Isometric image showing a flooded home

Today’s communities must ensure disaster and climate resilience are integral to their emergency and long-term community planning efforts.

Addressing future risk potential requires a deep understanding of local risk landscapes and how best to adapt, accommodate, protect, and retreat as these landscapes transform in response to our changing climate.

Our mission is to help Canadian communities map out hazard and climate exposures, identify those people, assets, and infrastructure at risk, and explore actions communities can take to enhance hazard resilience.

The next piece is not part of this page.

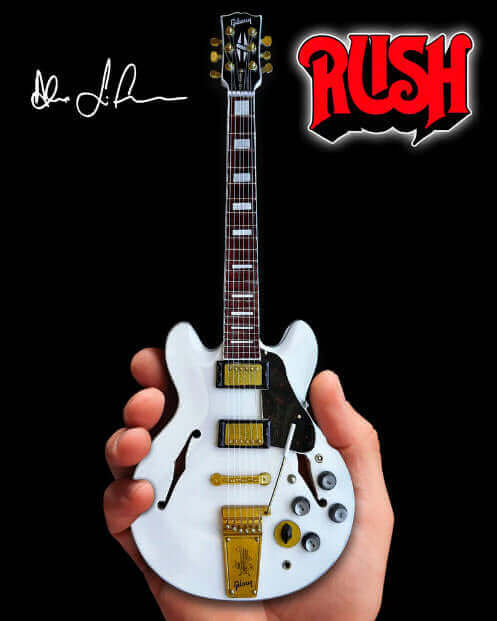 Alex Lifeson Signature ES-355 Gibson Alpine White Miniature Guitar Model - Officially Licensed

Mapping is at the core of risk planning and resilience building

Hazard Exposure

Where is your community exposed to potential hazard risks and how does that risk vary spatially across the community?

Assets at Risk

Once hazard zones are identified, which structures, roadways, important cultural and archaeological sites, and critical infrastructure are potentially at risk?

Vulnerable Populations

Who in the community is most vulnerable to hazard risks and where in the community are the most likely to be located?

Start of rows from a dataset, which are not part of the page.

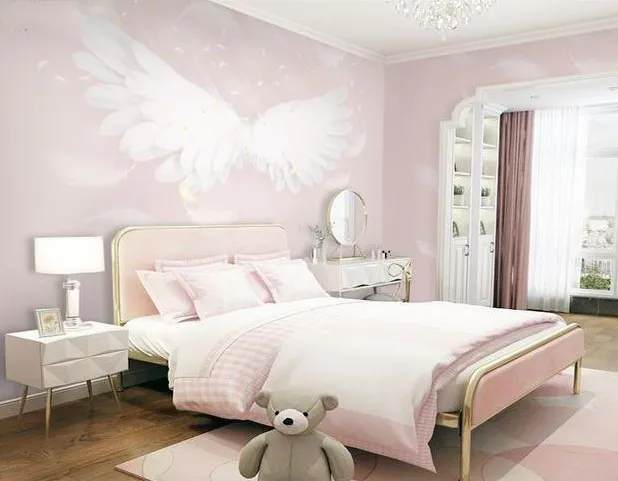 Fantasy Cartoon Net Red Wallpaper Restaurant Ins Angel Wngs Wall Covering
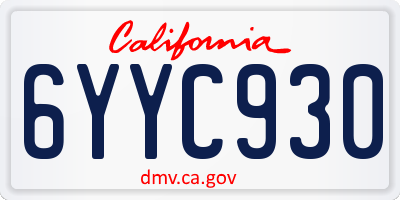 CA license plate 6YYC930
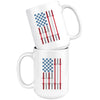 Weightlifting American Flag Mug Red White Blue 15oz White Coffee Mugs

Recent and Ongoing Project Work

BC’s Disaster and Climate Risk and Resilience Assessment

BC Ministry of Emergency Management and Climate Resilience

Working with our partners, Sage on Earth, BGC Engineering, and GeoBC, we will be providing geospatial support and advice to combine scientific and analytical approaches to risk assessments with qualitative, equity-based engagement to establish the Province’s first comprehensive Disaster and Climate Resilience Assessment.

This project is just getting started and we’ll have more to share later in 2023!


Disaster Risk Reduction Pathways

Natural Resources Canada / Canadian Safety and Security Program

Headed by Natural Resources Canada and funded through the Canadian Safety and Security Program (CSSP), the DRR Pathways project was a partnership bringing together researchers and practitioners working in hazard and climate risk reduction from government agencies, communities, non-governmental organizations, and academia to establish shared pathways to disaster resilience for British Columbia.

As part of the University of British Columbia team, Dr. Reynolds worked on three projects that contributed to the project in collaboration with community and government partners. The first explored social vulnerability in the City of Vancouver as part of the city’s seismic retrofit program using earthquake modelling from the Geological Survey of Canada. The second explored risk dynamics in the Metro Vancouver region: how neighbourhood changes over time coupled with projected growth can help estimate future hazard impacts. And finally, our team explored neighbourhood resilience, recovery, and recoverability metrics for the City of Vancouver.

Two of these projects were published as part of the Resilience Pathways report in 2022.

CHERP

The Canadian Hazards Emergency Response & Preparedness Initiative

CHERP is a research outreach and engagement project with the goal of making it quicker and easier for community residents to learn about, prepare for, and respond to local environmental and climate-related hazard threats. Working with our partner communities, we’re developing a mobile app that helps simplify household emergency planning, adapting to the unique needs of individual communities and households.